Выбрать главу

Когда-то эти доносы, которым суждено было сыграть в жизни поэта роковую роль, мирно покоились в «Деле № 214224» (так называемом «Деле Гумилёва»). А потом их кто-то когда-то изъял. С абсолютной точностью можно лишь сказать, что доносы не стряпали ни Таганцев, ни Шведов и, уж конечно, не Герман. (Двое последних были убиты при задержании; Таганцев же стал давать показания против Гумилёва только через три дня после ареста поэта, когда чекисты пригрозили устроить пытку жены и детей профессора у него на глазах[137].)

Вот что вспоминал по этому поводу Ходасевич:

«На Пасхе вернулся из Москвы в Петербург один наш общий друг, человек большого таланта и большого легкомыслия. Жил он как птица небесная, говорил – что Бог на душу положит. Провокаторы и шпионы к нему так и льнули: про писателей от него можно было узнать все, что нужно. Из Москвы привез он нового своего знакомца. Знакомец был молод, приятен в обхождении, щедр на небольшие подарки: папиросами, сластями и прочим. Называл он себя начинающим поэтом, со всеми спешил познакомиться. Привели его и ко мне, но я скоро его спровадил. Гумилеву он очень понравился.

Новый знакомец стал у него частым гостем. Помогал налаживать «Дом поэтов» (филиал Союза), козырял связями в высших советских сферах. Не одному мне казался он подозрителен. Гумилева пытались предостеречь – из этого ничего не вышло. Словом, не могу утверждать, что этот человек был главным и единственным виновником гибели Гумилева, но, после того как Гумилев был арестован, он разом исчез, как в воду канул. Уже за границей я узнал от Максима Горького, что показания этого человека фигурировали в гумилевском деле и что он был подослан»14.

Кто был тот провокатор и доносчик? Без наличия бумажного клочка-доноса все рассуждения на эту тему являются не более чем гаданием на кофейной гуще…

Штрих пятый. Николай Гумилёв никого не выдавал.

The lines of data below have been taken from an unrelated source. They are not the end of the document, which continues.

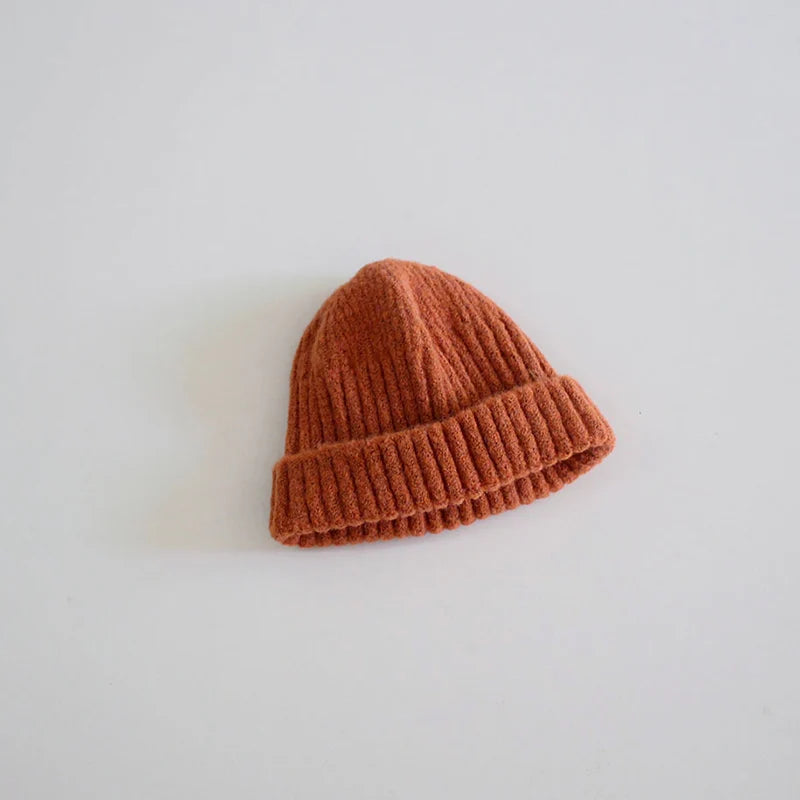 Winter Warm Kids Knitted Woolen Hat 2-6year Boy Girl Children Crochet Bonnet Korean Baby Solid Color Beanie Toddler Pullover Cap - ZOOMNSTORE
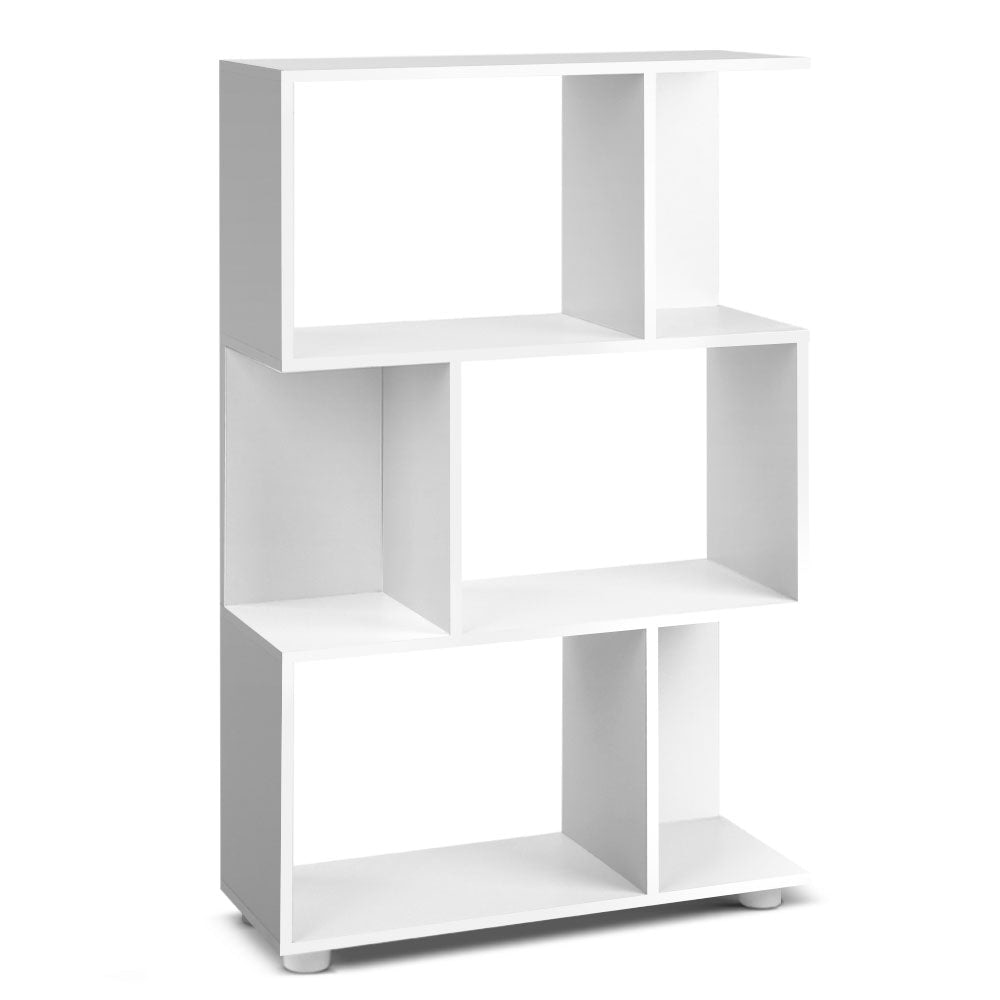 3 Tier Zig Zag Bookshelf Display Storage Cabinet - White Bookcase Fast shipping On sale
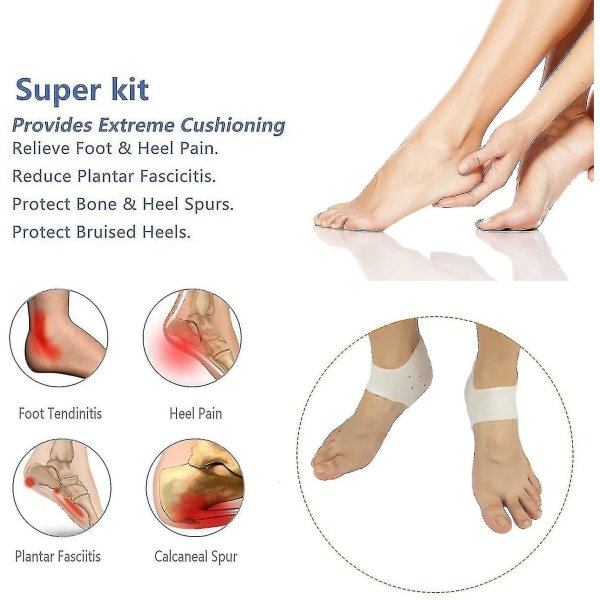5 par hælkopper, Plantar Fasciitis-innlegg, hælputer, perfekt for hælsmerter, helbrede tørre, sprukne hæler, akillessene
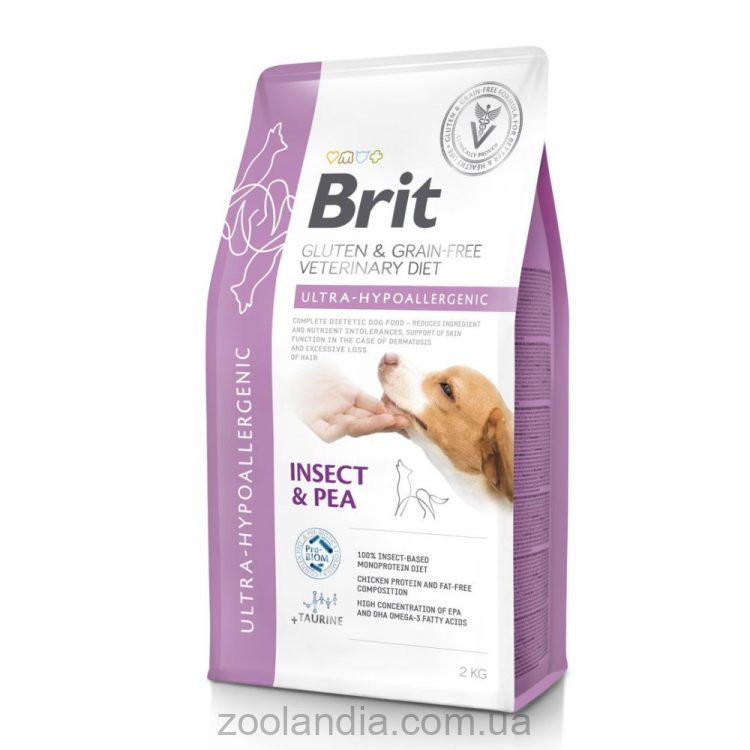 Brit (Брит) VetDiet Dog Ultra-hypoallergenic - Беззерновая диета для собак при проблемах с пищеварением с насекомыми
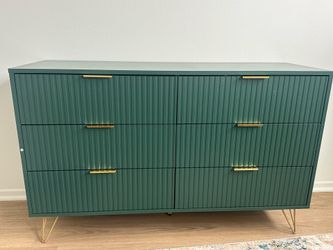 Modern Green Six Drawer Dresser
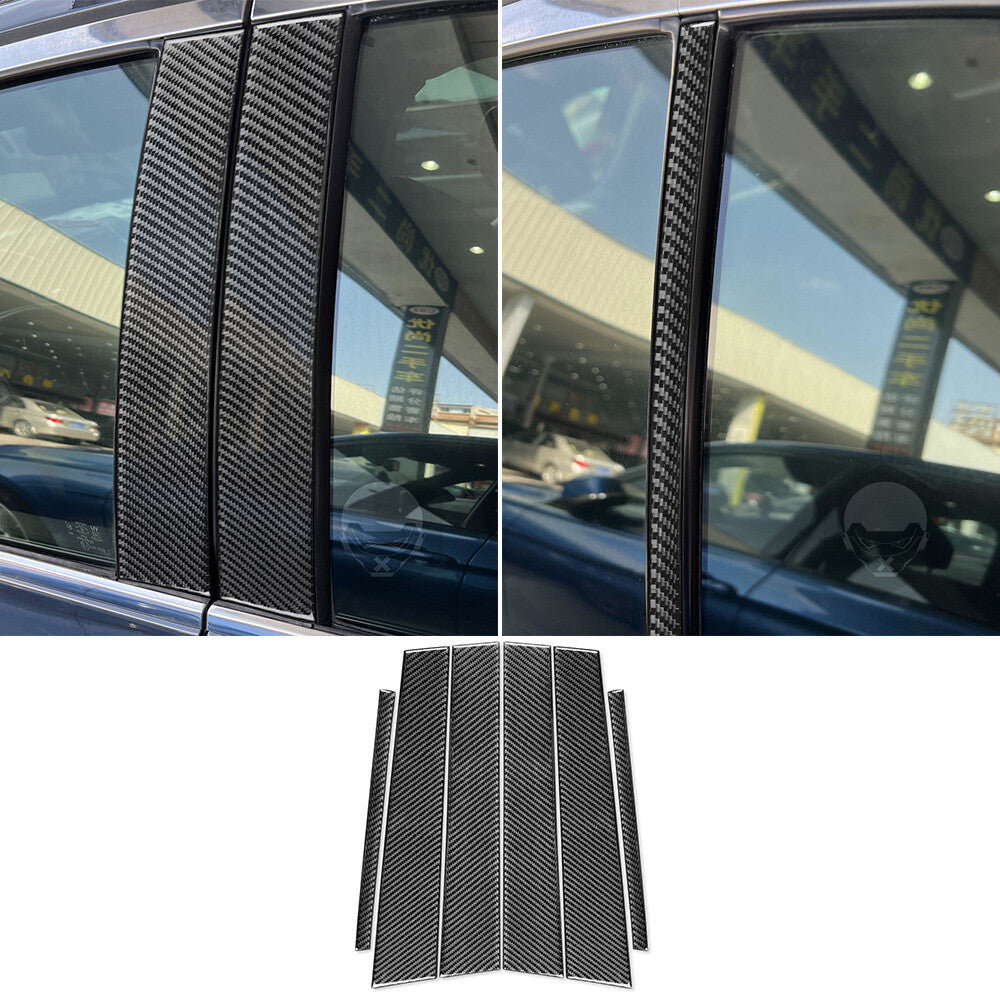 6¡ÁCarbon Fiber Door Window Pillar Post Trim Fit for Infiniti G37 Sedan 2007-2013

Им были названы имена убитого Германа, полковника Шведова (дабы запутать следователей, назвал лишь его псевдоним – Вячеславский), Таганцева (после ознакомления с протоколом допроса того, он понял, что отпираться бессмысленно). Потом пошли в ход «некая кучка прохожих», какие-то «неизвестные бывшие офицеры» и т. п.

Многие из знакомых Гумилёва, кого он привлекал в свои «пятёрки», в те дни стали ждать ареста. Но, как вспоминал Георгий Иванов, «никто из них не был арестован, все благополучно здравствуют: имена их были известны только ему одному»15.

Не это ли вызывающее укрывательство (и даже издевательство над следствием!) так взбесило чекистов?

Штрих шестой. Чекисты ничуть не сомневались, что поэт Николай Гумилёв действительно совершил преступление. Не сомневались они и в том, что основная его вина заключалась в контрреволюционной деятельности (во все времена – самое тяжкое преступление).

А вот и «изюминка»: не за это расстреляли Гумилёва. Поэта казнили за другое!

Сколько ни бились следователи, ничего существенного вменить ему не смогли. Остановились на малом: якобы своевременно не донёс органам Советской власти о тех, кто предлагал ему вступить в некую подпольную офицерскую организацию.

Что дальше? А… всё. За это и расстреляли.

Да, был так называемый «таганцевский заговор»; да, поэт Гумилёв тесно общался с заговорщиками, хотя, согласитесь, находился в подпольной организации далеко не на первых ролях. Тогда откуда пошла молва, что Гумилёв не имел к ПБО никакого отношения? Повторюсь, имел. А вот расстреляли его… при отсутствии состава преступления.

Бывает ли такое?! Бывает. К примеру, могу навскидку назвать сразу троих «контрреволюционеров», казнённых не за что: Людовик XVI, Николай II и… поэт Гумилёв. Позже совершённое Гумилёвым назовут «прикосновенностью к преступлению». Именно так по советскому уголовному праву будет квалифицировано деяние поэта в виде недонесения. Хотя, по тому же законодательству, недонесение не есть соучастие.

Доказательством невиновности Николая Гумилёва является «Дело № 214224», заведённое на него питерскими чекистами. Николая Гумилёва расстреляли не за контрреволюционную деятельность. Поэта приговорили к высшей мере за «прикосновенность к преступлению».

вернуться

137

Имеет место и другая версия причины, по которой «заговорил» профессор Таганцев. По материалам эмигрантской газеты «Дни» (1926 г., № 1070), Таганцев стал сотрудничать со следствием после того, как ему сам Менжинский «дал слово пощадить всех участников дела, если он назовет всех без утайки».